### TO DO
Every entry gets copied exactly. No images go into the copy.

### RECORDS FOR THIS TASK
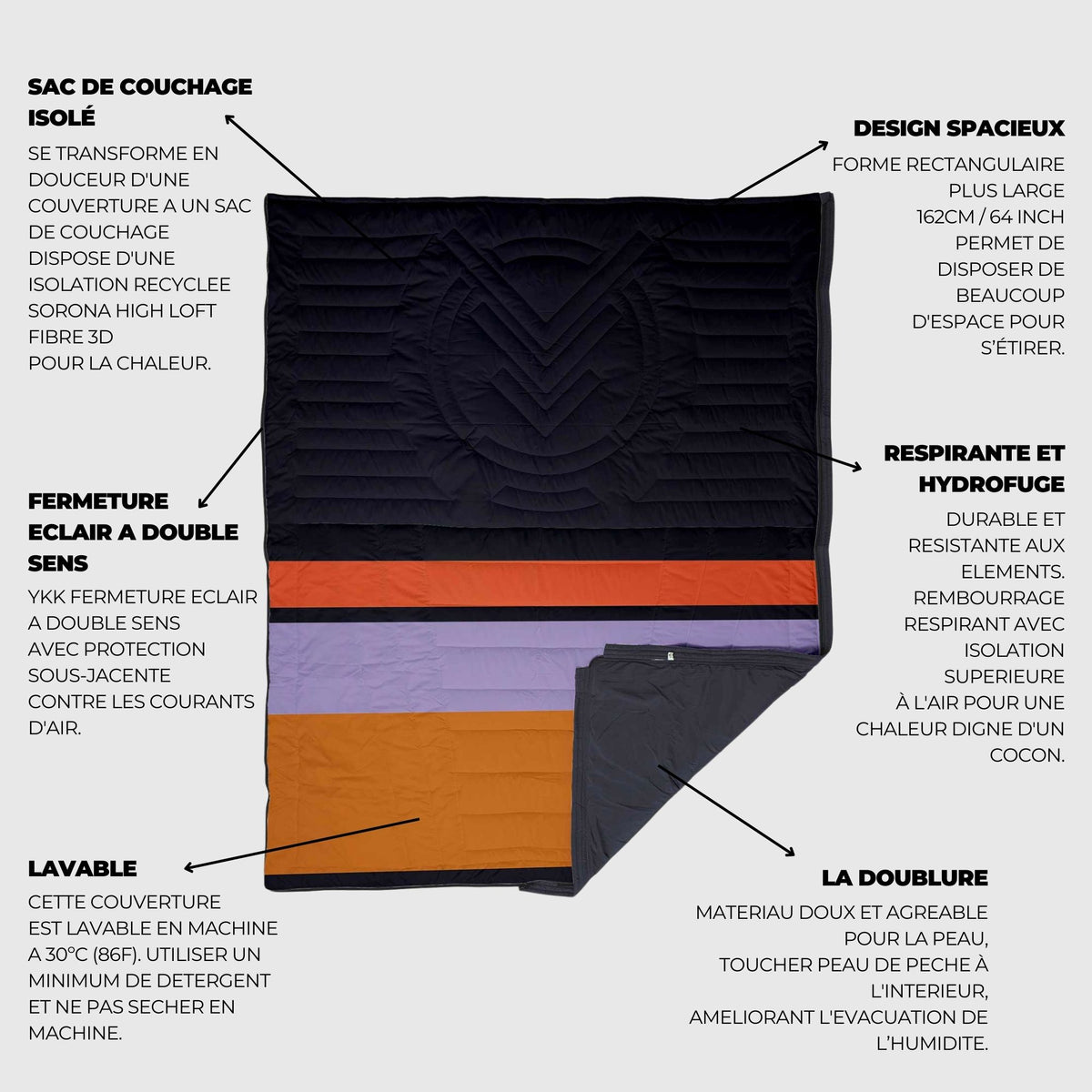 VOITED Slumber Zip Sack Blanket - Blocks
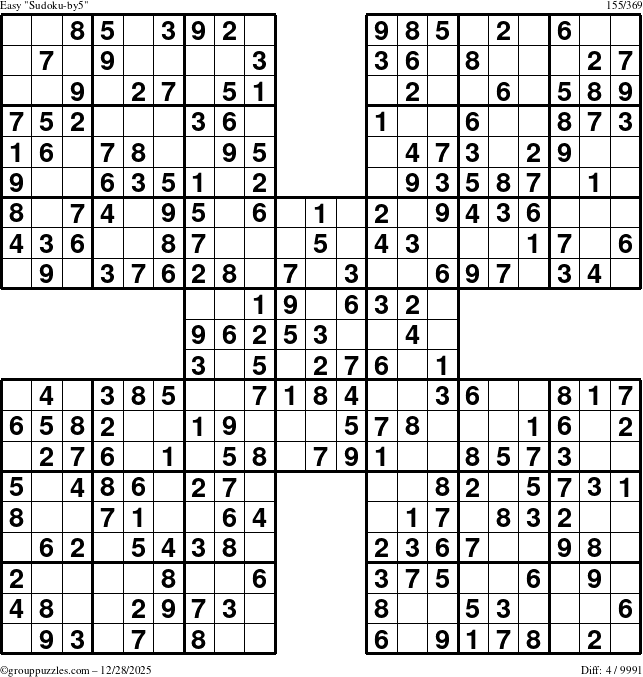 The grouppuzzles.com Easy Sudoku-by5 puzzle for Sunday December 28, 2025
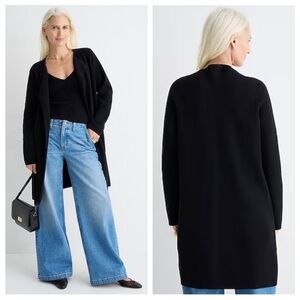 J.Crew Juliette Black Merino Wool Knit Open-Front Cardigan Sweater Blazer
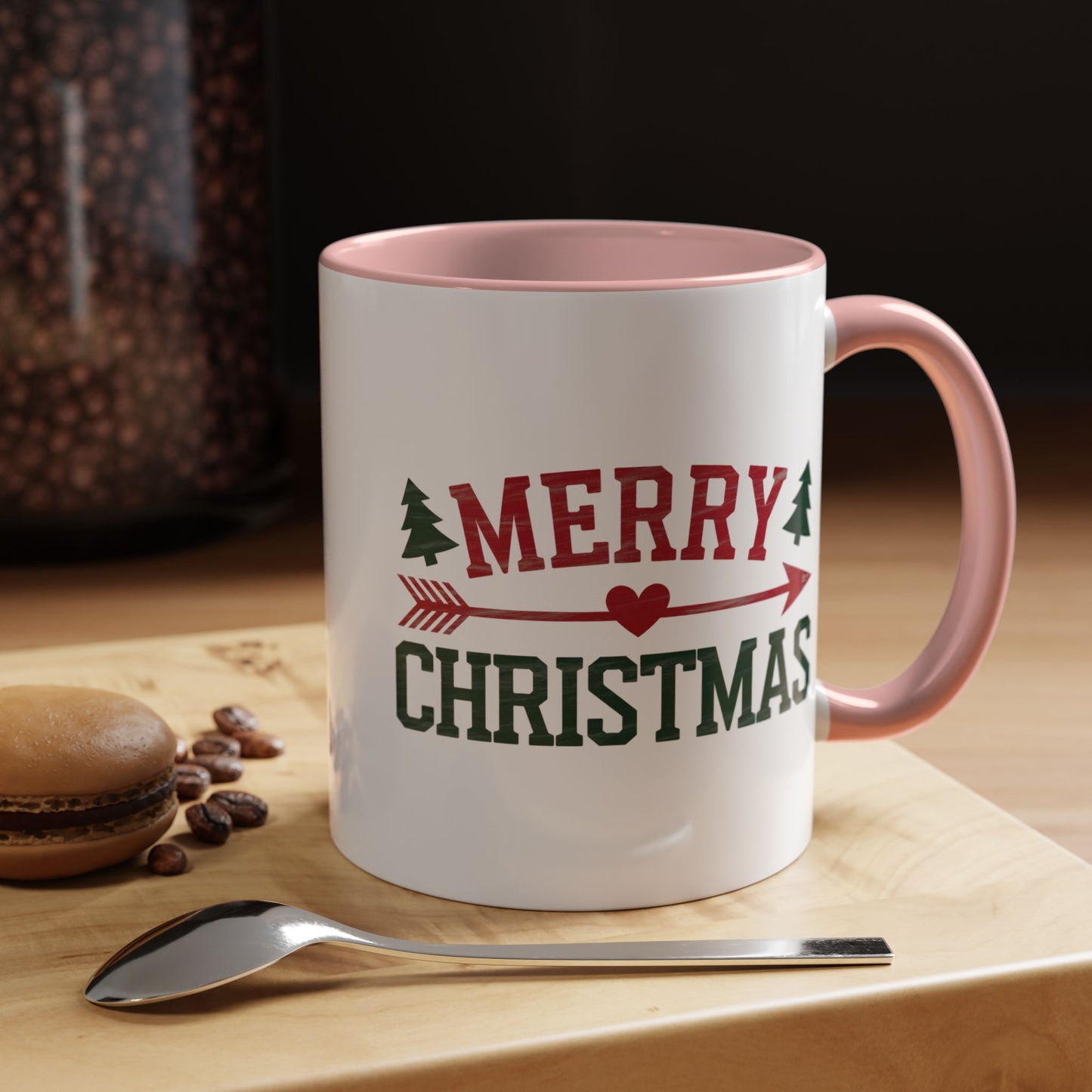Christmas Mug - Merry Christmas Red & Green Text Heart Arrow Trees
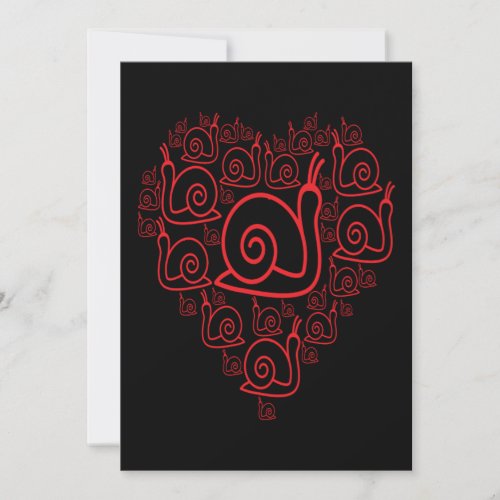 Snail Valentine Day Gift Him Her Red Heart Love Holiday Card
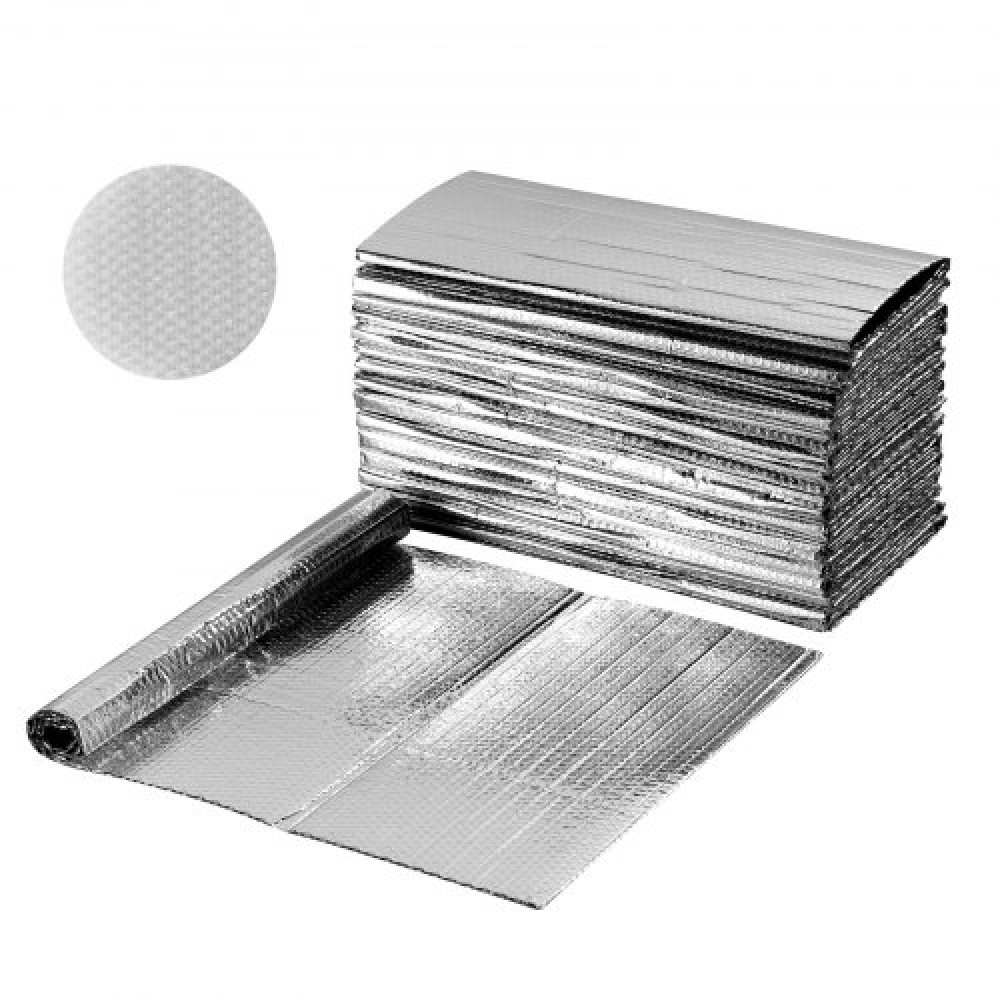 VEVOR Double Reflective Insulation Sheet, 16PCS Double-Sided Aluminum Foil Radiant Barrier, 6mm 1.22 m x 0.61 m, Dual-Layer Air Bubble Heat Reflective Shield, Thermal Insulation Rolls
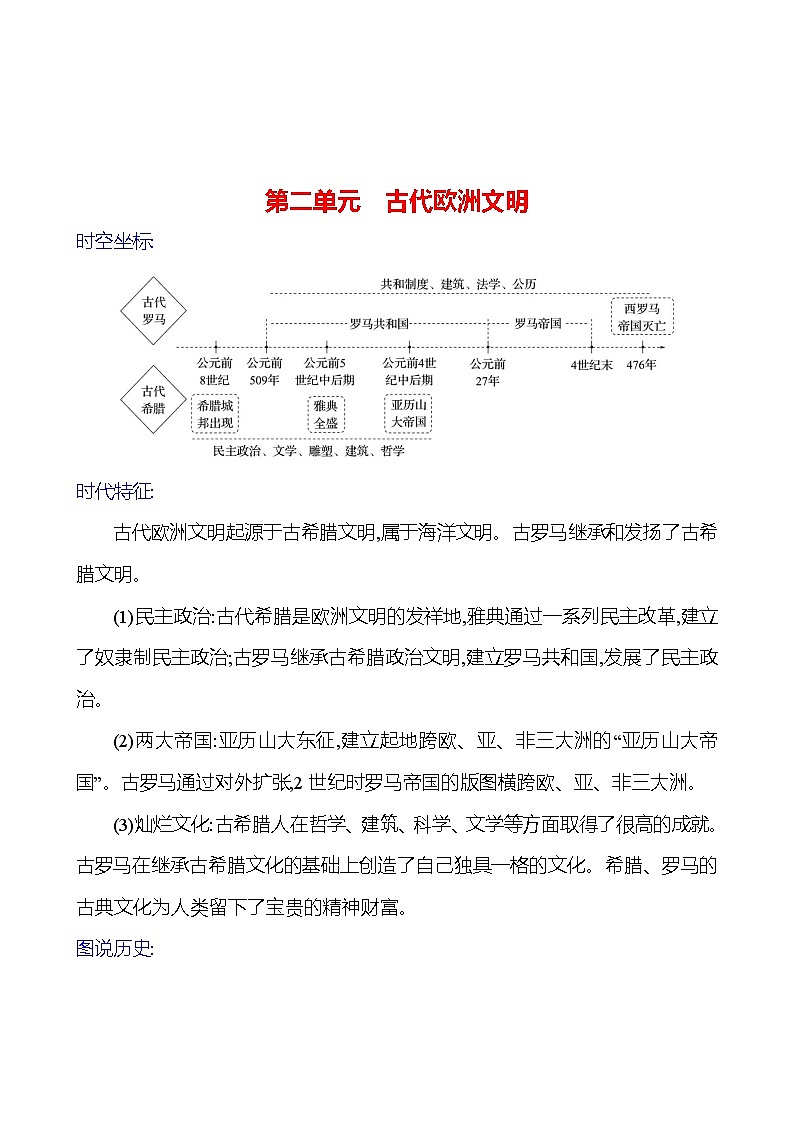 2023-2024 部编版初中历史 九年级上册  第二单元　古代欧洲文明 同步练习（教师版）第1页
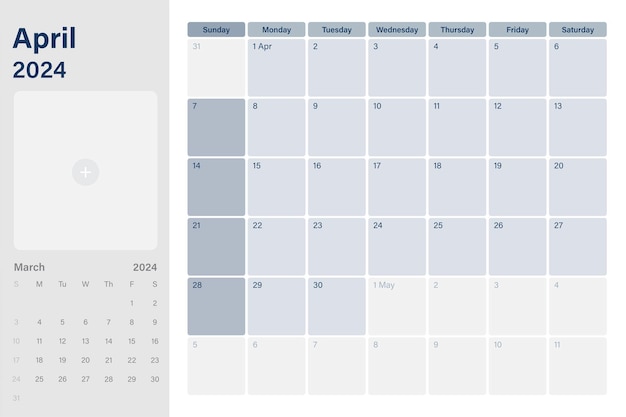 Plik wektorowy w kwietniu 2024 r. kalendarz biurkowy z miejscem na zdjęcia tygodnie rozpoczynają się w niedzielę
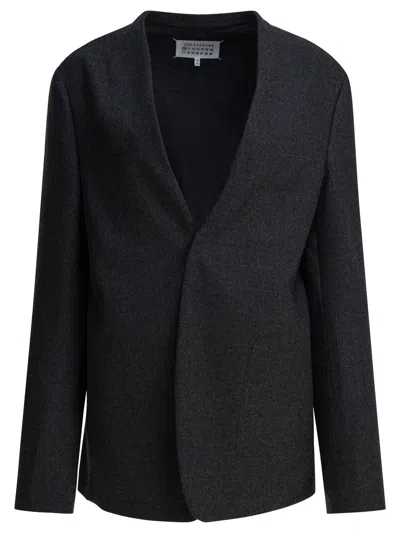 Maison Margiela Virgin Wool Blazer In Black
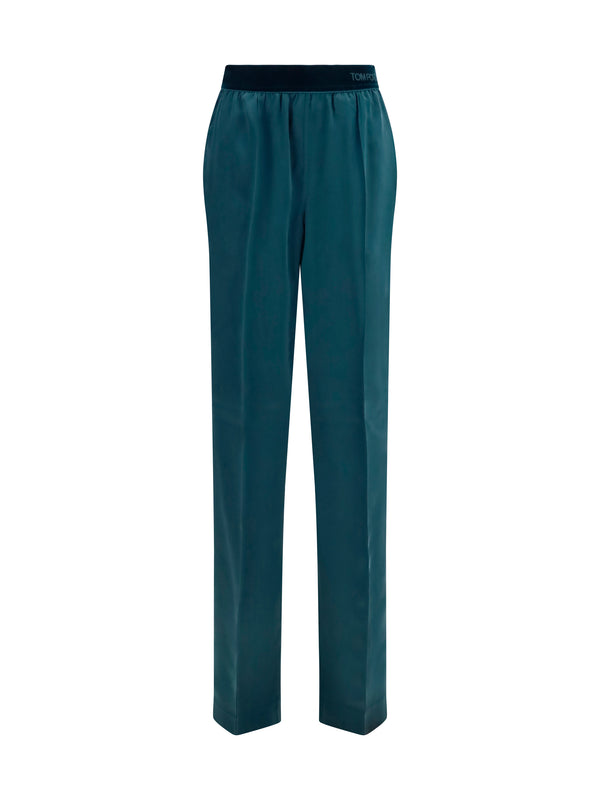 Tom Ford 94% Silk; 6% Elastane trousers in teal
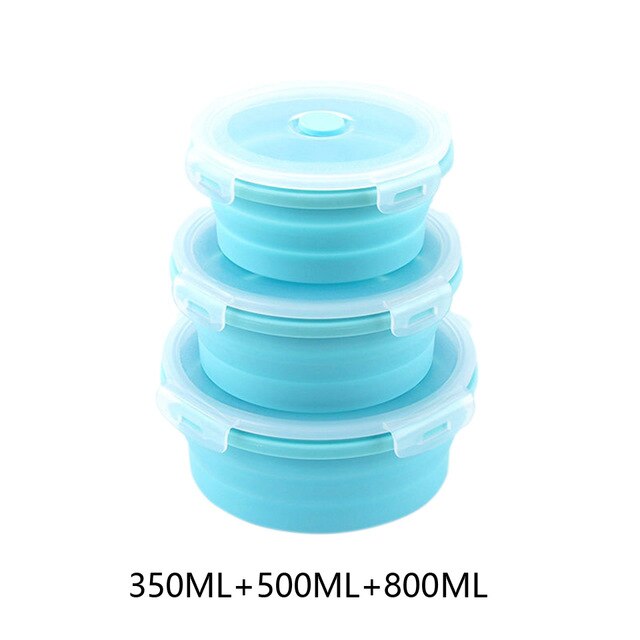 Food Storage Containers With Lids Silicone Collapsible BPA Free Lunch Fruit Salad Box Set reezer Microwavable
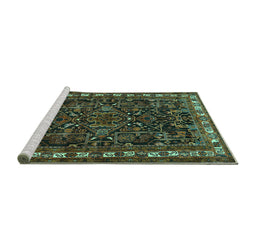 Sideview of Machine Washable Animal Turquoise Traditional Area Rugs, wshtr565turq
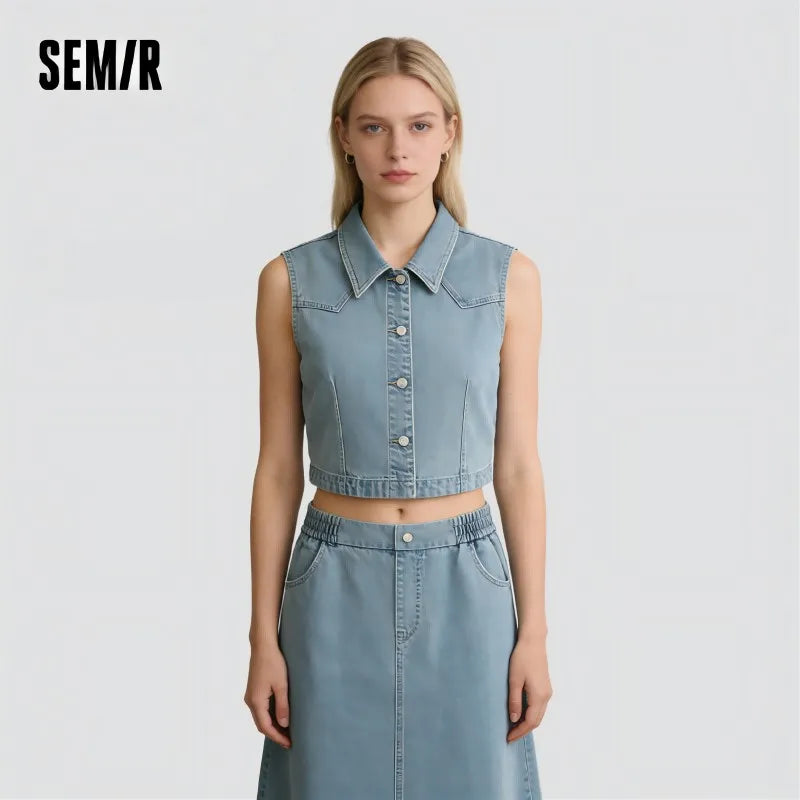 Semir Women Suits 2026 Sleeveless Retro Lapel Collar Shirts & Waist Cinched Urban Casual Skirt Set Everyday Style Soft Daily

### FINISHED TASK
 VOITED Slumber Zip Sack Blanket - Blocks
 The grouppuzzles.com Easy Sudoku-by5 puzzle for Sunday December 28, 2025
 J.Crew Juliette Black Merino Wool Knit Open-Front Cardigan Sweater Blazer
Christmas Mug - Merry Christmas Red & Green Text Heart Arrow Trees
 Snail Valentine Day Gift Him Her Red Heart Love Holiday Card
 VEVOR Double Reflective Insulation Sheet, 16PCS Double-Sided Aluminum Foil Radiant Barrier, 6mm 1.22 m x 0.61 m, Dual-Layer Air Bubble Heat Reflective Shield, Thermal Insulation Rolls
 2023-2024 部编版初中历史 九年级上册  第二单元　古代欧洲文明 同步练习（教师版）第1页
 Plik wektorowy w kwietniu 2024 r. kalendarz biurkowy z miejscem na zdjęcia tygodnie rozpoczynają się w niedzielę
 Maison Margiela Virgin Wool Blazer In Black
 Tom Ford 94% Silk; 6% Elastane trousers in teal
 Food Storage Containers With Lids Silicone Collapsible BPA Free Lunch Fruit Salad Box Set reezer Microwavable
 Sideview of Machine Washable Animal Turquoise Traditional Area Rugs, wshtr565turq
 Semir Women Suits 2026 Sleeveless Retro Lapel Collar Shirts & Waist Cinched Urban Casual Skirt Set Everyday Style Soft Daily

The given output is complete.